The bowl features fine rice vermicelli (米粉, mǐfěn) in a bright red, spicy broth infused with chili oil and aromatic spices. It is topped with assorted beef offal, such as beef tripe and other cuts, which add a chewy texture and rich depth of flavour. Side garnishes, such as fried soybeans, fresh coriander, garlic, and chopped chilli, are provided to customise the taste, enhancing both fragrance and texture. The broth strikes a balance between spiciness, savoriness, and umami, making it a warming and satisfying noodle dish.

This style of noodle soup is rooted in Hunan cuisine (湘菜, Xiāng cài), specifically from Changsha, the capital of Hunan province. Hunan cuisine is renowned for its bold, spicy, and sour flavours, often achieved with fresh chilli, pickled vegetables, and chilli oil.
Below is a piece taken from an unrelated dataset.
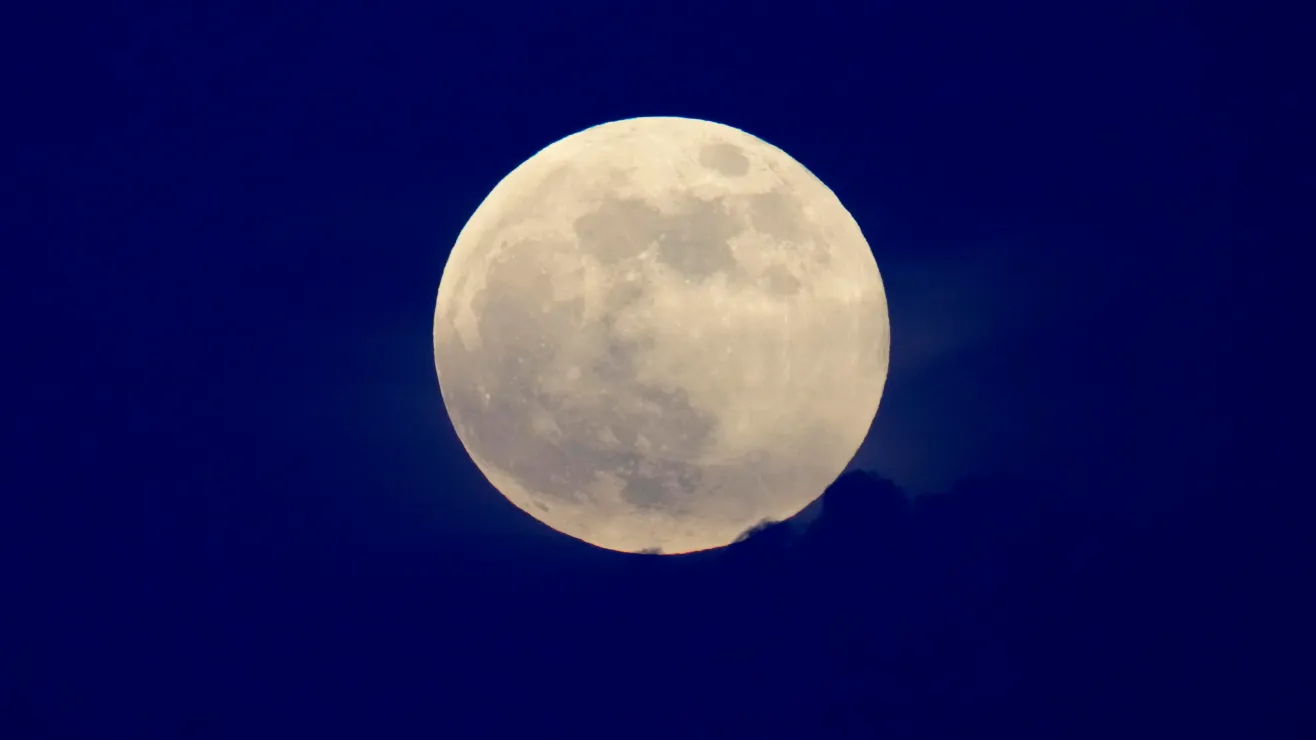 China-planea-construir-una-base-en-la-Luna-con-ladrillos-hechos-de-polvo-lunar-AP24291448720189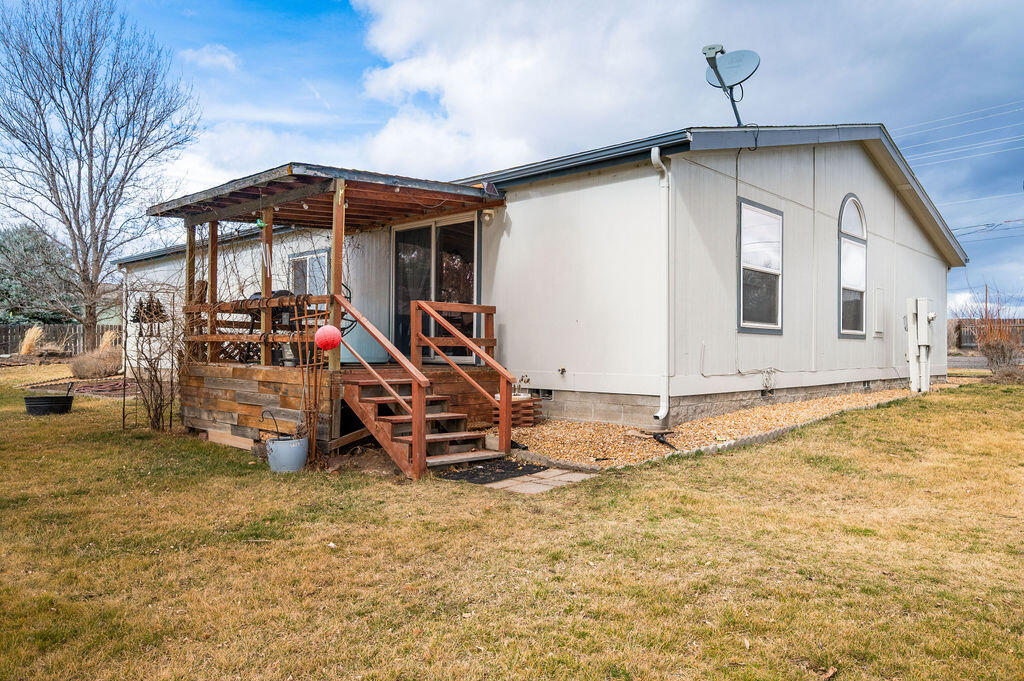 20645 Tumalo Road Bend, OR 97703 - Photo 11 of 31 20645TumaloRd-15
Beef offal noodles became popular as a hearty street food in Changsha, where locals enjoy the rich collagen and nutrients from offal cuts, which were traditionally inexpensive and readily available.

Rice vermicelli itself has a long history in southern China, where rice is a staple grain. In Hunan, combining rice noodles with spicy beef offal soup became a signature comfort food, especially appealing in cooler weather. Over time, the dish spread beyond Hunan, gaining popularity in other parts of China and overseas, particularly in areas with Chinese communities.

Today, stalls like Xiao Chang Sha (小长沙, meaning "Little Changsha") bring this authentic taste of Hunan street food to international food courts, introducing the bold flavors of Changsha to a wider audience.